»»
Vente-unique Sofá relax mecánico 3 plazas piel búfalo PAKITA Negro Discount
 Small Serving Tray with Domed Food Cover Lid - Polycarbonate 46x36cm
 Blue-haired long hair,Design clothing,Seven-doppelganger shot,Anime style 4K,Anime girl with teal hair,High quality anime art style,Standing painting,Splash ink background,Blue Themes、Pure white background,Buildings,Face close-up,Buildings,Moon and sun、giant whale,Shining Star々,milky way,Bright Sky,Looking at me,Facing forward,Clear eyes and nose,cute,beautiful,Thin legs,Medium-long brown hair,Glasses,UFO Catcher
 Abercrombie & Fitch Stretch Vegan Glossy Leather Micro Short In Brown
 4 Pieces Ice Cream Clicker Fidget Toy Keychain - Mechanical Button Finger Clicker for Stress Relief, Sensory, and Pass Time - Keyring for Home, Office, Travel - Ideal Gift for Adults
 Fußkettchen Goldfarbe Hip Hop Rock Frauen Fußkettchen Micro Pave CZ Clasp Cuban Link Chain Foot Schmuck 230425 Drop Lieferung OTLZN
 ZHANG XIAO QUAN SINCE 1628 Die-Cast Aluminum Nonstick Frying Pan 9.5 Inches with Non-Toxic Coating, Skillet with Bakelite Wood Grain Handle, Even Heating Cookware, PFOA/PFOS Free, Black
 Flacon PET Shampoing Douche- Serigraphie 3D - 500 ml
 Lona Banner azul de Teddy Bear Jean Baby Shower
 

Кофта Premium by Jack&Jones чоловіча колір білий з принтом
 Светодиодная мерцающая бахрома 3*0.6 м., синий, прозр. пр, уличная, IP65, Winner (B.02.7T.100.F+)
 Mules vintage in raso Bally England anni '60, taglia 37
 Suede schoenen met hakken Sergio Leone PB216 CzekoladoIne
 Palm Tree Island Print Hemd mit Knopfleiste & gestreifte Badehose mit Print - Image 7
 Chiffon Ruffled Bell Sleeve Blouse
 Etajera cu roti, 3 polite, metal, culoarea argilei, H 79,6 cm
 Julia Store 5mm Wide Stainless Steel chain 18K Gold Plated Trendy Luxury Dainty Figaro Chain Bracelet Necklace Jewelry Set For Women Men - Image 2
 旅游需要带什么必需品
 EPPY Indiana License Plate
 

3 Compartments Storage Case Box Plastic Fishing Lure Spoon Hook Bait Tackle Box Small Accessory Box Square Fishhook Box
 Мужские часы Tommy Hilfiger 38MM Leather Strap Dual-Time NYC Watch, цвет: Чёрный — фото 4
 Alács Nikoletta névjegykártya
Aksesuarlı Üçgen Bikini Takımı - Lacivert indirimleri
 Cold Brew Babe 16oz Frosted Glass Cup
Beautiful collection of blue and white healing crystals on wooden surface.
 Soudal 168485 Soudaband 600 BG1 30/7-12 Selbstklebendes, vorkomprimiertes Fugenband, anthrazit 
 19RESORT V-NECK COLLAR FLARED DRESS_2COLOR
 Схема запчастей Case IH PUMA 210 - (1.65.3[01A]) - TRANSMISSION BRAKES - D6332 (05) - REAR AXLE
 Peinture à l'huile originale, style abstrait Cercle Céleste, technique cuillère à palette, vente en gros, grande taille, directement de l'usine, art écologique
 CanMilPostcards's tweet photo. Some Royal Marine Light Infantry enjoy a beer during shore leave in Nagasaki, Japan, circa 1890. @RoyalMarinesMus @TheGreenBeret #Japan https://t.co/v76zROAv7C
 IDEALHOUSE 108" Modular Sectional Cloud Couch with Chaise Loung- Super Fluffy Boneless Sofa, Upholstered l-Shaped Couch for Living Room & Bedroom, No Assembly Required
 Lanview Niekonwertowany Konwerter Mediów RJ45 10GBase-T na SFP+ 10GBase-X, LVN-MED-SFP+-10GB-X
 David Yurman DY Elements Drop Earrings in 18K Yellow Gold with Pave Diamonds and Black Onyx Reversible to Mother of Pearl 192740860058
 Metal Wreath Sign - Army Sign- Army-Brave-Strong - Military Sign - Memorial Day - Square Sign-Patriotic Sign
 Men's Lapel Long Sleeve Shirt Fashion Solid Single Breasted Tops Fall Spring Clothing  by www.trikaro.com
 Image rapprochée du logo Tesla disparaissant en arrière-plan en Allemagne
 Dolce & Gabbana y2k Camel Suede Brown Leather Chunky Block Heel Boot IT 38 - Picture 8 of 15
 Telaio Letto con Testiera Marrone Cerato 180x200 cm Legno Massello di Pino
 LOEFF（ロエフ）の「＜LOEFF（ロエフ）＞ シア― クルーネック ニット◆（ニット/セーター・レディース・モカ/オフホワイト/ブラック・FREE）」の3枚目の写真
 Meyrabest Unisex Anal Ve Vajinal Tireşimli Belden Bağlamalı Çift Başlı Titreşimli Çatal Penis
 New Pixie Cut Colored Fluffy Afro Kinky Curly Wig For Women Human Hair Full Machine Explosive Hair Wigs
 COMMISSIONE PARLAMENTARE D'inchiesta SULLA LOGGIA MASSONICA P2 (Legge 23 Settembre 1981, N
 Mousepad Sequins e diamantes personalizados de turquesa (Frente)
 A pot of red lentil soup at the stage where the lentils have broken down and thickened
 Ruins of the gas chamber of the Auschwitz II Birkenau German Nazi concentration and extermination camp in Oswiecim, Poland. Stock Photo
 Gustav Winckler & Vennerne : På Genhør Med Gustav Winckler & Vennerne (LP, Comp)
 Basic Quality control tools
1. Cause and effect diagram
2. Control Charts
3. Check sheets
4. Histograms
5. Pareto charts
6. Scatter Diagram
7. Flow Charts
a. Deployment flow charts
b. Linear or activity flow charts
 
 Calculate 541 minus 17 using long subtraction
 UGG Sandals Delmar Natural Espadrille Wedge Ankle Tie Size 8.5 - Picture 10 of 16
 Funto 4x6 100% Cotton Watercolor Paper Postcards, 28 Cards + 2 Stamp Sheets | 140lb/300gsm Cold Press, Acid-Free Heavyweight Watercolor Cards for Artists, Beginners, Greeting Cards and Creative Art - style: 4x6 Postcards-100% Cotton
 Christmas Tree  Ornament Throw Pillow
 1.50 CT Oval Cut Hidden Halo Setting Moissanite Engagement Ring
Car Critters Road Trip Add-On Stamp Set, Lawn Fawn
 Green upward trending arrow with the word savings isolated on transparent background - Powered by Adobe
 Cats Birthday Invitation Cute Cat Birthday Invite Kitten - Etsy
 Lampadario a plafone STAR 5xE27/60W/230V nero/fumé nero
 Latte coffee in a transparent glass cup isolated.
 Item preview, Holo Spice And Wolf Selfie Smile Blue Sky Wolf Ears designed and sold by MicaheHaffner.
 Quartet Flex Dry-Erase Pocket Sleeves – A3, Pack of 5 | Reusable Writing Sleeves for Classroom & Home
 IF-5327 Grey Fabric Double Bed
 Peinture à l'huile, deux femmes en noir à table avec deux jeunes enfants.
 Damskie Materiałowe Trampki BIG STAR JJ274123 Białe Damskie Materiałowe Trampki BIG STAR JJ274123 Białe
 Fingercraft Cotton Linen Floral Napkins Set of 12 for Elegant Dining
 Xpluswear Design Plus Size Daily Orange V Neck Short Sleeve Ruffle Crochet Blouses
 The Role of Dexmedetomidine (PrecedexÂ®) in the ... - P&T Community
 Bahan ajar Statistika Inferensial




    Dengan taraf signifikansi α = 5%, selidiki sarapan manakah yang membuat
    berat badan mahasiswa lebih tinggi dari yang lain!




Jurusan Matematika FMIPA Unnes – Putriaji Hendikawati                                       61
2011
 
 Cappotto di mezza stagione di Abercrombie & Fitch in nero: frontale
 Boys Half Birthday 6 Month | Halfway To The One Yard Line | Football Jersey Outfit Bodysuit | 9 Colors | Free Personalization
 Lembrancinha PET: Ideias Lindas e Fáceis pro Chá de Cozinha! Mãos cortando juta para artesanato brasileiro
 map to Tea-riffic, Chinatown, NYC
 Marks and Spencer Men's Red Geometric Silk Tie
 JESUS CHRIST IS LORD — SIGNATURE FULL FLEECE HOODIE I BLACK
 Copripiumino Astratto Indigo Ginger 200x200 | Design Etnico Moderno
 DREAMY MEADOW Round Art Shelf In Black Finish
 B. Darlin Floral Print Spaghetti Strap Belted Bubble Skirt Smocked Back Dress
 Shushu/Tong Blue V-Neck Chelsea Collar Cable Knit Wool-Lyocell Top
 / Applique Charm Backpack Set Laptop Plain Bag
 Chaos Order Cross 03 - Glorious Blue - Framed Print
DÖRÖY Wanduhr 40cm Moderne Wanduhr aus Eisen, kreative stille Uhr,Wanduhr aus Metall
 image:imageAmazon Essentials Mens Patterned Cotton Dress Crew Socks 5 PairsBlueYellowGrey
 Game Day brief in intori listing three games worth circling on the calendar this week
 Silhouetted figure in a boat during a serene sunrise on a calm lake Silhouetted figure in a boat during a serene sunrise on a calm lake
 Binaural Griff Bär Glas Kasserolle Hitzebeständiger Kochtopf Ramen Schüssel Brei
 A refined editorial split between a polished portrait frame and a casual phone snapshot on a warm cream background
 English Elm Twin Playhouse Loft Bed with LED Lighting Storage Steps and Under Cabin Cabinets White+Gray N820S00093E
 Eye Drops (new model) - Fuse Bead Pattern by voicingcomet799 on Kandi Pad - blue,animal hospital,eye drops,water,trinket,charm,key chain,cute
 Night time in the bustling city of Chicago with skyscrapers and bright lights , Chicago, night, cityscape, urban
««
- What to work on: Your answer should be the exact lines above from the one with "Calculate 541 minus" through the one with "Funto 4x6 100%", both included, and nothing besides.

- Your solution:
 Calculate 541 minus 17 using long subtraction
 UGG Sandals Delmar Natural Espadrille Wedge Ankle Tie Size 8.5 - Picture 10 of 16
 Funto 4x6 100% Cotton Watercolor Paper Postcards, 28 Cards + 2 Stamp Sheets | 140lb/300gsm Cold Press, Acid-Free Heavyweight Watercolor Cards for Artists, Beginners, Greeting Cards and Creative Art - style: 4x6 Postcards-100% Cotton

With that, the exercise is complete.